Null values can either break the application flow of an application by throwing an exception, such as in Java, or simply result in undefined behaviour, such as in C++. A language with no null safety basically nullifies much of the functionality of a type system. If I write a function, and I say that it returns an integer, a user of said function should not have to worry about the return value potentially being null (or None or undefined). Over the years, multiple languages have tried to implement null safety, with the two prevailing strategies being as follows:

For Mamba I opted to bake null safety into the language itself. ? is appended to types that may be undefined. If this has not been appended, say in the signature of a method, this method may never return undefined. If the type checker can not ensure that this is the case (or it detects that this is indeed the case), then it will raise an error and the code will not compile. ?. can be used to call a method of a expressions that may be null, and it means a method is only called if the expression is not undefined.
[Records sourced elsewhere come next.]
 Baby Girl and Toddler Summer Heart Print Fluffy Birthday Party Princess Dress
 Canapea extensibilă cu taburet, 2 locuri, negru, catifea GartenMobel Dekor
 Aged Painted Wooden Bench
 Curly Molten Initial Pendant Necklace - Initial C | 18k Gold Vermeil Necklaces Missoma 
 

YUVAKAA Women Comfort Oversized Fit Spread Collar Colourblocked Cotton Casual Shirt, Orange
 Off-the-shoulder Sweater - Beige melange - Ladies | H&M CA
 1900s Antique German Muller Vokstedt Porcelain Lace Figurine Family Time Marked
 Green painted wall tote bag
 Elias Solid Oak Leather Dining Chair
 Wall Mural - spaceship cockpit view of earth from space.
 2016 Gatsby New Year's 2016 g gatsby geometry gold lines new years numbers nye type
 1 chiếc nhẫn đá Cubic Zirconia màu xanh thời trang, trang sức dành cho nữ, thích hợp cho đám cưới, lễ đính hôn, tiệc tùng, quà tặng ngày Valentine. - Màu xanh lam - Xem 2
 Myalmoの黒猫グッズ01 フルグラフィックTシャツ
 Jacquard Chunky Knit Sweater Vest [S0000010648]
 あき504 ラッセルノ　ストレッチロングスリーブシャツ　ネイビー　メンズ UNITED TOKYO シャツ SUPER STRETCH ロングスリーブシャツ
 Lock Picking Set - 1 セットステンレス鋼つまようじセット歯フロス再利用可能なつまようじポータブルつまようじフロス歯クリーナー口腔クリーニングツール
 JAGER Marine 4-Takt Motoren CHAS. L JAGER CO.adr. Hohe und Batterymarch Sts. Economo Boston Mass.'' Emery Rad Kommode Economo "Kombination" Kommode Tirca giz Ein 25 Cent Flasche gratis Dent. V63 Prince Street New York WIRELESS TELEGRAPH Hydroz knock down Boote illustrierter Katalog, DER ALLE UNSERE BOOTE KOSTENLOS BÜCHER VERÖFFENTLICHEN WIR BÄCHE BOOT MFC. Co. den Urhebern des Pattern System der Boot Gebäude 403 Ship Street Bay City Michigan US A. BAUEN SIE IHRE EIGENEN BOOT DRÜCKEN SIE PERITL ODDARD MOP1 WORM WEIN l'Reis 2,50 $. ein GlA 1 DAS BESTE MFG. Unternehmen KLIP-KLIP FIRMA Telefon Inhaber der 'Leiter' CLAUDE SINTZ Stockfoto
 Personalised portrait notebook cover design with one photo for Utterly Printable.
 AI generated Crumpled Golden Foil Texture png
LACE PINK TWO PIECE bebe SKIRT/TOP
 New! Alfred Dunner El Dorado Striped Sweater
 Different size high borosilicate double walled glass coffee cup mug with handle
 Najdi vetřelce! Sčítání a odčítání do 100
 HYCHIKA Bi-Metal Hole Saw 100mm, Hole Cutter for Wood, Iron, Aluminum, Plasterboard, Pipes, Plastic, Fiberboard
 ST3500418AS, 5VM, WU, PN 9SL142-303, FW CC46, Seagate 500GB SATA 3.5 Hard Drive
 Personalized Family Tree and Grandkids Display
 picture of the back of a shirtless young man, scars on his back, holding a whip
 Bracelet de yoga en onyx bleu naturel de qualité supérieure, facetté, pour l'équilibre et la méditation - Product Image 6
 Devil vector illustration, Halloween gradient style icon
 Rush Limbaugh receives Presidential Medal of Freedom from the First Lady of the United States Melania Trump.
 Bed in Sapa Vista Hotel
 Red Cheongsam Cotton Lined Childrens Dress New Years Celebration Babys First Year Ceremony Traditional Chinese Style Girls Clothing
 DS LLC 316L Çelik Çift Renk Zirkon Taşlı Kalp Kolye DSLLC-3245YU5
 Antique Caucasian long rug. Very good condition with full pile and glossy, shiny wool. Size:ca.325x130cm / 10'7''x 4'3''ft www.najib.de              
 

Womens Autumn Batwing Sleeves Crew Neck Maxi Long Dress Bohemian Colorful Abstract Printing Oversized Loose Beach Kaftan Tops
# g never returns undefined.
# If we would try this we would get a type error.
def g(x: Int): Int => if x > 2 then x + 2 else x - 2

# f may return undefined
def f(x: Int): Int? => if x > 2 then x * 7 else undefined

def x <- f(2)?.is_even() # is_even is called, and we get true
def y <- f(3)?.is_even() # f(3) is undefined, so is_even() is never called and y is now also undefined

# note that both x and y have type Bool?, meaning that they may both be undefined.

As with most language, Mamba also uses bounds checking. Unlike Python however, we don’t wrap the value around if we access outside the bounds of an array, but we raise an error, which should be handled. This should ideally make it easier to track down bugs, which might otherwise be undetected for some time. This adheres somewhat to the fail fast philosophy.